● Goal of the exercise
Pictures must not appear; the answer is exactly the lines from the one that holds "Used 2019 Nissan Titan S image 28" through the end of the material.

Provided material START

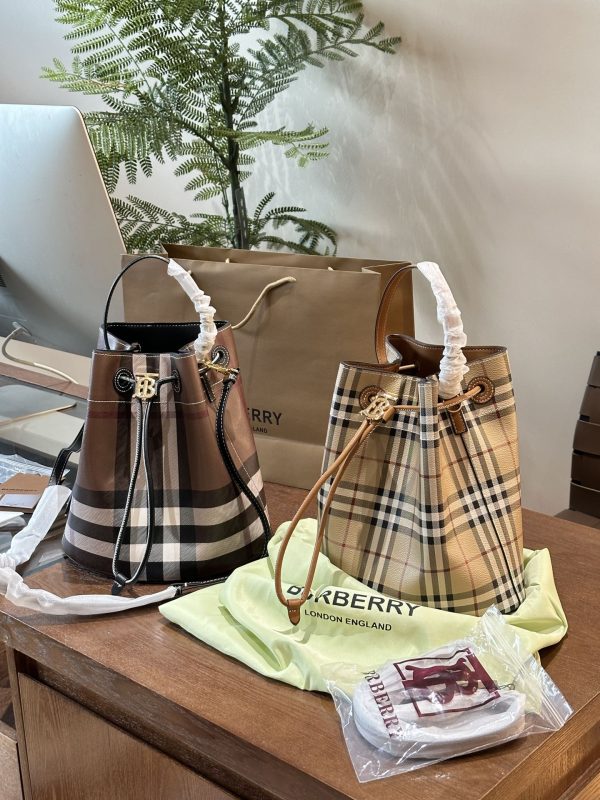 BB new arrival bucket bag size : 25??30 cm
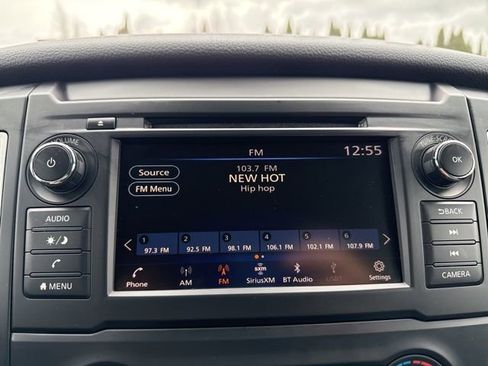 Used 2019 Nissan Titan S image 28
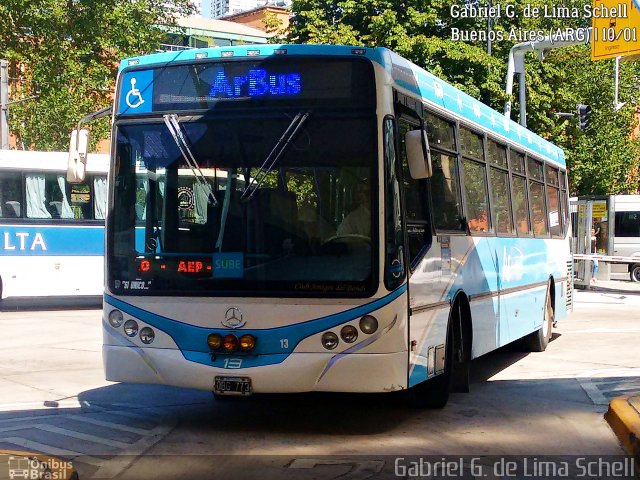 ArBus 13 na cidade de Ciudad Autónoma de Buenos Aires, Argentina, por Gabriel Giacomin de Lima. ID da foto: 5049178.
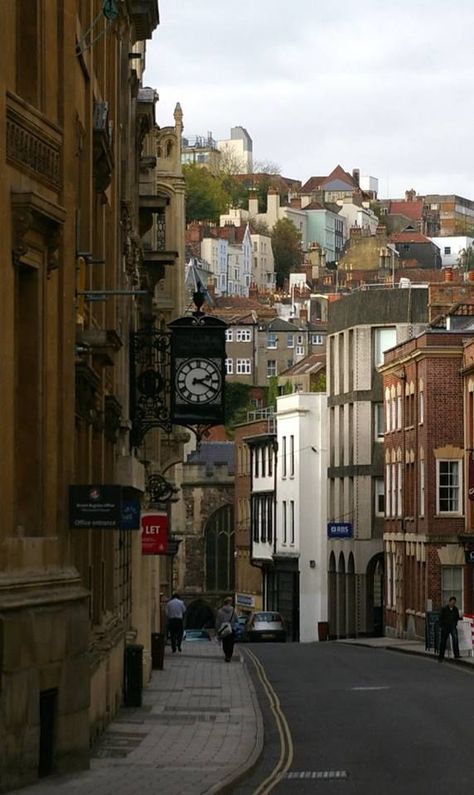 Bristol City Fc, British Images, English Traditions, Bristol Fashion, City Of Bristol, Bristol England, Bristol City, Bristol Uk, England And Scotland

Provided material END

● Task response
 Used 2019 Nissan Titan S image 28
 ArBus 13 na cidade de Ciudad Autónoma de Buenos Aires, Argentina, por Gabriel Giacomin de Lima. ID da foto: 5049178.
 Bristol City Fc, British Images, English Traditions, Bristol Fashion, City Of Bristol, Bristol England, Bristol City, Bristol Uk, England And Scotland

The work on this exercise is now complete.